October 9, 2011

ANGLOSPHERIC POLITICS IS PRETTY SIMPLE...:

British Leader Pushes for 'Can-Do Optimism' and Faith in Austerity Path (JOHN F. BURNS, 10/05/11, NY Times)

Mr. Cameron's speech amounted to something of a rite of passage. In five years as the party's leader before the 2010 election, he often seemed out of step with the Conservative mainstream as he worked to reposition the party on the political center ground that Labour dominated in winning three successive elections.

But his "heir to Blair" approach -- a self-conscious imitation of the centrist political style of Tony Blair, the Labour prime minister for 10 years until 2007 -- did not always sit easily with the Conservative heartland. Voices within the party also complained about Mr.
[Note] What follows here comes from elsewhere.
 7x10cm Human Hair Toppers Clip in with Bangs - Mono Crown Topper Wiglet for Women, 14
Cameron after Labour denied the Conservatives an outright majority last year, saying he ran a middle-of-the-road campaign that left voters unsure of what he or the Conservatives were offering.

But the uncompromising tone from the prime minister and a broad representation of his cabinet at the Conservatives' conference suggested strongly that despite policy concessions to their left-of-center coalition partners, the Liberal Democrats, nearly a year and a half in office had removed much of the wavering.
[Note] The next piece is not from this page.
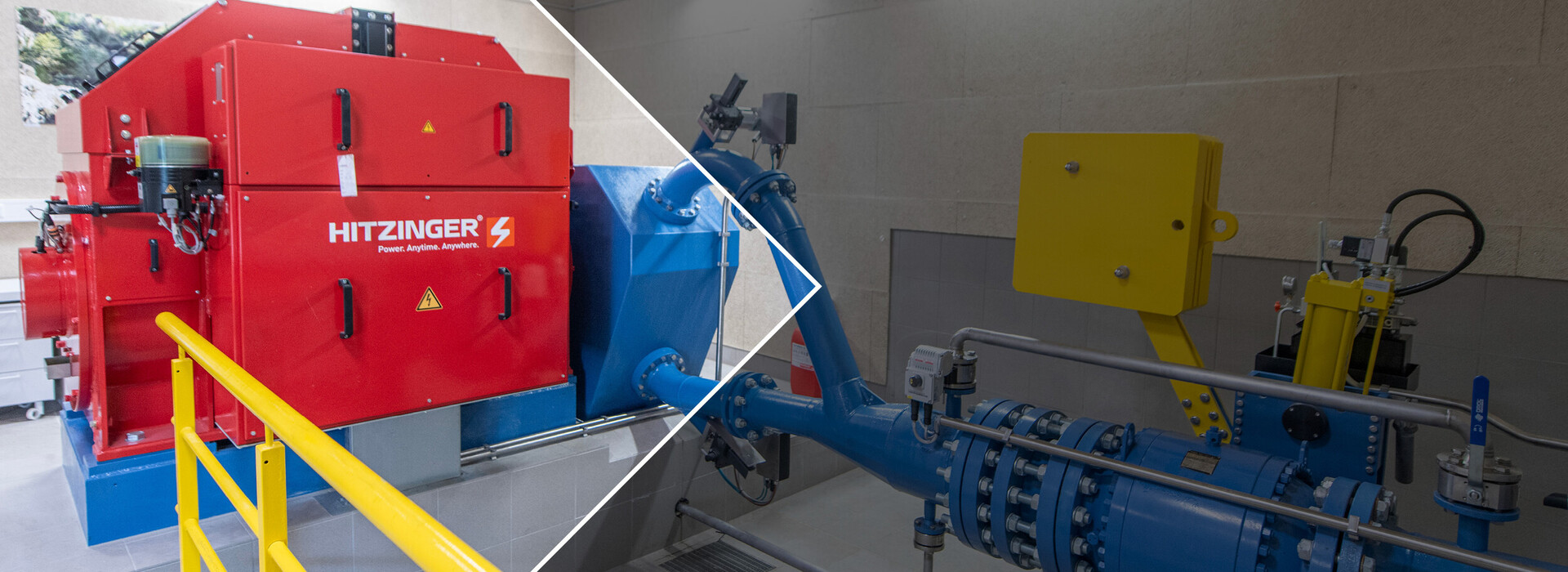Hydroelectric power plant with a red engine and blue piping in a room with grey walls.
On a wide range of Britain's hottest political issues -- the economy, education, crime, immigration and welfare, to name only a few -- the policies proclaimed at the conference have carried the party's new brand of "radical reform," characterized by an emphasis on thrift, discipline, accountability and a pervasive loosening of bureaucratic controls.

Mr. Cameron and his advisers appear to believe that currents of disarray in the Labour Party -- whose annual conference last week was marked by boos at the mention of Mr. Blair, the most electorally successful leader in the party's history -- has given the Conservatives the time to make their policies succeed.

That much seemed clear from Mr. Cameron's promise of an eventual return to prosperity. "Our plan is right, and our plan will work," he said.

Likening the austerity program to building the foundations of a house, he added: "I know you can't see it or feel it yet. But this is the crucial point: It will only work if we stick with it."

...until and unless Labour reclaims its Thatcher/Blair recent past it isn't a threat to a Thatcher/Blairite Tory Party.  But, eventually, the Tories will tire of being the governing party and they'll veer back Right, leaving the opening for a Labour Party that has veered away from the Left.